A “Powered by Spotify” Google Music Service is Doubtful

Rumors abound about Google Music, but at the moment it looks like they screwed up again.  According to News.com and  Billboard.biz, Google is talking to Spotify about powering the Google Music service.  That would mean that any Google Music service would probably be a hybrid of an unlicensed “cloud” thumb in your eye service such as the one launched by tax cheat Amazon.  A co-branded Google/Spotify service would—well, let’s see, probably put Spotify’s own U.S. service that has been years in the making in direct competition with a version of their service run by Google the Destroyer.

My bet is that Google is trying to do indirectly that which they could not do directly.  More about that.

There is a tendency to mistake causality when considering the encounters of Google and Spotify with music licensing.  The assumption is that there is something wrong with the licensing process that troubles both companies rather than looking at the facts and dynamics applicable to each in their very separate encounters. (Not to say that the licensing process is not painful.)  My suspicion is that Google would probably like you to believe that they are having the same kinds of problems as Spotify.  There are some fundamental reasons why that assumption is probably incorrect.

First consider Spotify. You can argue about their business model, you can criticize subscriptions as a commercial proposition, you can point to declines in higher margin download revenue with the increase in lower margin subscription services—but what you can’t argue with is that Spotify launched a cool product that fans like and that pays royalties.  (And as far as I can tell at this point, gives a reasonably straight count.)  Spotify has never stolen anything from anyone and has positioned itself as an ally of artists,  songwriters, record companies and publishers large and small.  And its actions make that positioning believable, which leads to trust.

Spotify did not come to Congress under threat of a subpoena and was not accused by the overwhelming majority of Members and witnesses of essentially aiding and abetting theft, in the words of Democratic National Committee chair Rep. Debbie Wasserman-Schultz.

No, that honor was reserved for Google.

The reason that Spotify has taken time to close their U.S. deals is for commercial reasons and only for commercial reasons.  They are making a deal.   I can tell you that launching a US digital retailer takes time, even when you have a first rate negotiation team as Spotify does.  And Spotify now is closing.   I can also tell you that I would put better than even money on Spotify picking up the pace on closing its deals and that it will have enough critical mass to launch in a matter of weeks
from now, maybe months but not six months.  That’s just the dynamic of getting these things done.  (Whether their product will be ready is a whole other question, but after all this time I have to believe that they are ready to go, particularly since there will be significant overlap between their existing product and the US service.)

Google, on the other hand is having trouble closing their deals for a very different reason.
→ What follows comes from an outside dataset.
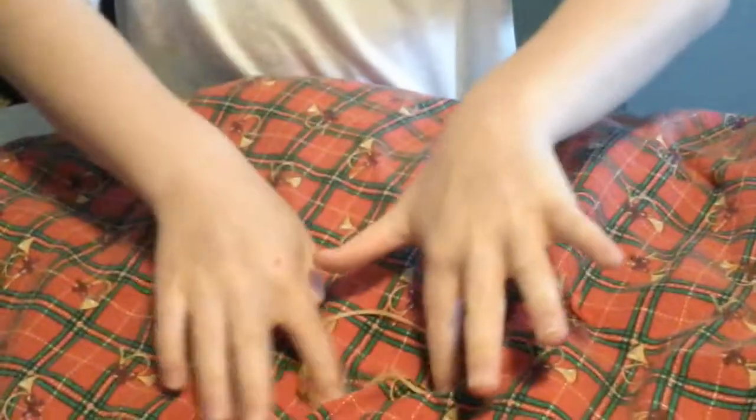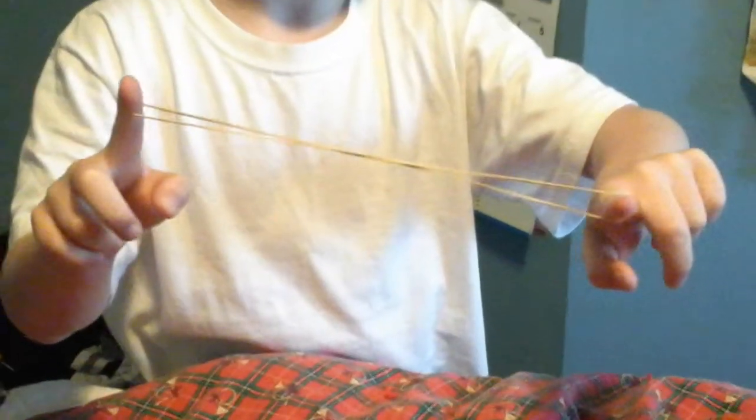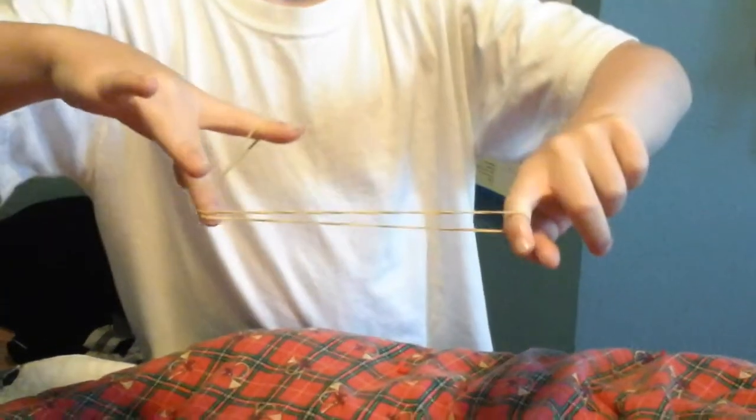So this is how to do it. So first, hold it with your two pointer fingers so it's like this. And then twist it. Twist it and then put your middle finger here.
Nobody trusts them—starting with most of the members of the Senate and House judiciary committees.  Google has had one disaster after another, all of which lead to one conclusion—they are not to be trusted.  This makes negotiations of any kind–other than here’s my company pay me island money and good luck—very difficult, and laden with pre-conditions that involve cleaning up the past.

Google is a company which is largely dedicated to driving to near-zero the prices of anything that their network touches (or “commoditizing” those prices).  And since they can’t ever get prices all the way to zero or there would be no suppliers, they then do their best to undermine the property rights propping up those prices so they can just take other people’s property without paying anything for it, the ultimate in commoditization.  All under the guise of organizing the world’s information whether the world likes it or not.
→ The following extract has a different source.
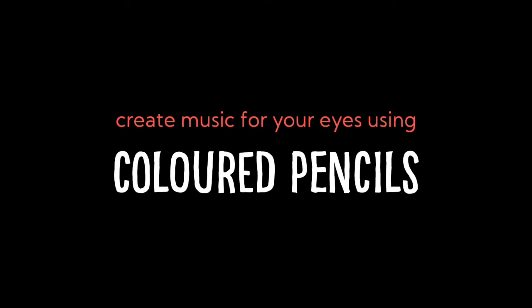Hello Kitty! We're going to talk about how to create music for your eyes using colored pencils. Before we get started with the coloring, I'd like to share a little story about how I developed a skill to use colored pencils to illustrate a 100-page comic book.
They associate themselves with and support academics and non-governmental organizations that further these goals.

They lobby for tortured versions of orphan works statutes and litigated the failed Google Books settlement, each of which would have creators ignore the moral hazard that is shot through both arrangements simply because Google is not “evil.”

They have their people make speeches and write books that mock professional creators (see, e.g., Lessig’s “The Starving Artist Canard”).
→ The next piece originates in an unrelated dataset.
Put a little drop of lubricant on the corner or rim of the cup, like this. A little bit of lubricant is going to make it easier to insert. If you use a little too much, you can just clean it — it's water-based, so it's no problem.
They spend hundreds of millions litigating their way to a post-copyright reality (e.g., the YouTube case against Viacom, the Premier League, music publishers and many others) and untold millions lobbying against our interests around the world (see Hargreaves Report, Colab).

And they hired a lawyer who has identified himself more publicly than anyone with litigating against rights holders in many law suits, including Grokster and Limewire.  To the point that he was called out by the judge in Limewire, only to be promptly welcomed with open arms into Google and given a prominent place in Google’s legal coterie at the recent “Parasites” hearing of the House IP subcommittee.  (See “Did EFF Lawyer Cross the Line in Limewire Case?”)

And they want us to believe that Germans spontaneously began egging the houses of their fellow Germans who wanted to be left out of Street View in Germany and hanging signs on their doors saying “Google is Cool”.  Organically.  So to speak.

And what are they good at?  They are good at doing it all very efficiently and with the amoral ambivalence of a shark.  There’s a difference between don’t be evil and being moral.  A shark is not evil, a shark is instinctual.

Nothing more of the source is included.